The Ace Doubles format is known more generally in the book-binding world as dos-à-dos or tête-bêche. It became a signature style for the publisher Ace Books, which was founded in 1952 as a publisher of mysteries and Westerns, but quickly took up science fiction as well. The format allowed them to easily publish shorter works, as well as leveraging an established author to advertise a newer one. That's what we see with Le Guin, whose first novel was packaged alongside one from Avram Davidson, who was more well-known at the time. Fans of Davidson would buy the Double for his work, and then discover Le Guin. Other authors who got their start this way include Philip K Dick, Samuel R Delany, and Roger Zelazny. The Doubles format continued until 1973, when financial troubles led Ace to be subject to a series of mergers and acquisitions. The original Doubles have become hot collectors' items.

As Le Guin became more popular, Rocannon's World was reprinted several times. Today it's easiest to find as part of the compilation Worlds of Exile and Illusion, which contains her first three Hainish novels, or in the Library of America complete Hainish series.

It's worth noting that while this was Le Guin's first published novel, it was not the first that she wrote. She had written several novels set in Orsinia, one of which was gently but firmly rebuffed by a publisher. Having found success in publishing science fiction short stories, she turned her novel-writing in that direction as well to get her career started. We'll have more to say about these early draft novels when we get to the point later in her life when her success allowed her to get more of the Orsinian material published.

After a prologue consisting of the story "Semley's Necklace," we pick up with the anthropologist Rocannon, who is living as a guest of Semley's grandson Mogion. They see a huge explosion outside the castle. Rushing out to investigate, they discover that someone has blown up Rocannon's ship, killing the rest of his crew and destroying his instantaneous communication device, known as an ansible. Rocannon is worried that this must be the work of someone trying to undermine the League of Worlds and their preparations for the coming war against a galactic invader. Rocannon and Mogion visit the Gdeimar, hoping to use their ship to send a message to League headquarters, but the Gdemiar rebuff them. Leaving the caves, they encounter Kyo, the last survivor of a group of Fiia who were murdered by what they assume is the same enemy. Kyo accompanies them back to the Angyar palace, where Rocannon's radio overhears a transmission from their enemies giving the geographical coordinates of their rendezvous point. Rocannon plots this on a map, and sees that it's located on the distant southern continent. He, Mogion, Kyo, and two servants make ready to go to the rendezvous point, hoping to steal their enemies' ship and ansible.
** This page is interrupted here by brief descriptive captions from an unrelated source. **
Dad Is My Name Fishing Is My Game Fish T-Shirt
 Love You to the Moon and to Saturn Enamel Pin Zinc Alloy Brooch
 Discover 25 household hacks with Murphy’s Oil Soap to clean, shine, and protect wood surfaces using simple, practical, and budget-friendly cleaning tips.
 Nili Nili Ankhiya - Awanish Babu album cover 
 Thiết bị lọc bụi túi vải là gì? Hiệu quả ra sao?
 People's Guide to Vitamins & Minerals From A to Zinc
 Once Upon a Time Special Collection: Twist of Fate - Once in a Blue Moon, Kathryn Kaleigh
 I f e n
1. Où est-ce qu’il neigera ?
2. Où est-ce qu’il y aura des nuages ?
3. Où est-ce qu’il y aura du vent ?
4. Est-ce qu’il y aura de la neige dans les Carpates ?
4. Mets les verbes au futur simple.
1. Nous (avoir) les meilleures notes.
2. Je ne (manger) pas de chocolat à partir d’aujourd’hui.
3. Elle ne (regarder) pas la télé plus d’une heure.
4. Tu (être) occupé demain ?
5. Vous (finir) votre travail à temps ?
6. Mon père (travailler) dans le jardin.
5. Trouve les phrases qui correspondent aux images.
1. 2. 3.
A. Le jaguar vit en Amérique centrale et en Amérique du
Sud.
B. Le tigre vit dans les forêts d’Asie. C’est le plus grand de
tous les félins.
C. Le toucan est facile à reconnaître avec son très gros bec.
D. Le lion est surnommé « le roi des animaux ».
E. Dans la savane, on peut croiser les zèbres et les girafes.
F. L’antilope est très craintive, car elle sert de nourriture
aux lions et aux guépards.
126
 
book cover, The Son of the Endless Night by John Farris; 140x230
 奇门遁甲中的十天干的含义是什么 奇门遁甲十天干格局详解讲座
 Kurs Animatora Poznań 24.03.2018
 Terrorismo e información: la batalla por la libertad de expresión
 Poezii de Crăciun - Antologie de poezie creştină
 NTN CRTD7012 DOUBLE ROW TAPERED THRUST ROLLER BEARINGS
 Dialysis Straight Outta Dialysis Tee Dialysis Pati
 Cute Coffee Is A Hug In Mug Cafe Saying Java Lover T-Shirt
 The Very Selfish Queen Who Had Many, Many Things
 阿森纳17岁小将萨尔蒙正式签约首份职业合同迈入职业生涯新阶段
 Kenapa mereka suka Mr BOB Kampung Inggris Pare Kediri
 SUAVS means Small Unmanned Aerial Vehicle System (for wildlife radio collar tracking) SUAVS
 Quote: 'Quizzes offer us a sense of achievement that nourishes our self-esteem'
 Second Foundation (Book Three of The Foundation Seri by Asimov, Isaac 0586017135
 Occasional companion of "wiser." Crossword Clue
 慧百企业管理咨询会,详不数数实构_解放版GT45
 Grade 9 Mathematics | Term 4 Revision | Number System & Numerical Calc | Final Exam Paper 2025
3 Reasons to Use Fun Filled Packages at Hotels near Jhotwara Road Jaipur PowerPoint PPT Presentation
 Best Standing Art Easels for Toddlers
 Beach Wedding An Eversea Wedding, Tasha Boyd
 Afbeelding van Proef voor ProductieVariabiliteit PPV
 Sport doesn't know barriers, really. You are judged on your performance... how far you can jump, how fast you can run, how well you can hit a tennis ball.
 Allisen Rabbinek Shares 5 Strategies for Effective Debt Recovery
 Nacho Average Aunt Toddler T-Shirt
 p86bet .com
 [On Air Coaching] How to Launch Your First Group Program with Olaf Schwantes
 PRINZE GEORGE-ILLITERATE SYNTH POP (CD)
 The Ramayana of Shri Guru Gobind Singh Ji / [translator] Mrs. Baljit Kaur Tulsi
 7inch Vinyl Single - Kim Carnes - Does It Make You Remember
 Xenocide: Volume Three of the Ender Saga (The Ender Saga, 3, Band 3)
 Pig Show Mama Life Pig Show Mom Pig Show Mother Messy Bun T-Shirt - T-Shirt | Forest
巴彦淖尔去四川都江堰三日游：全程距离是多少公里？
In the 1975 essay "Science Fiction and Mrs. Brown," Le Guin said "A book does not come to me as an idea, or a plot, or an event, or a society, or a message; it comes to me as a person. A person seen, seen at a certain distance, usually in a landscape. The place is there, the person is there." Certainly this seems to be the case for Rocannon's World. Semley's character completed her arc in the short story, but Le Guin was left intrigued by this anthropologist character who had intruded into the story. So she brought him to Fomalhaut II, suitably later in its history in line with the idea that living humans cannot travel faster than light.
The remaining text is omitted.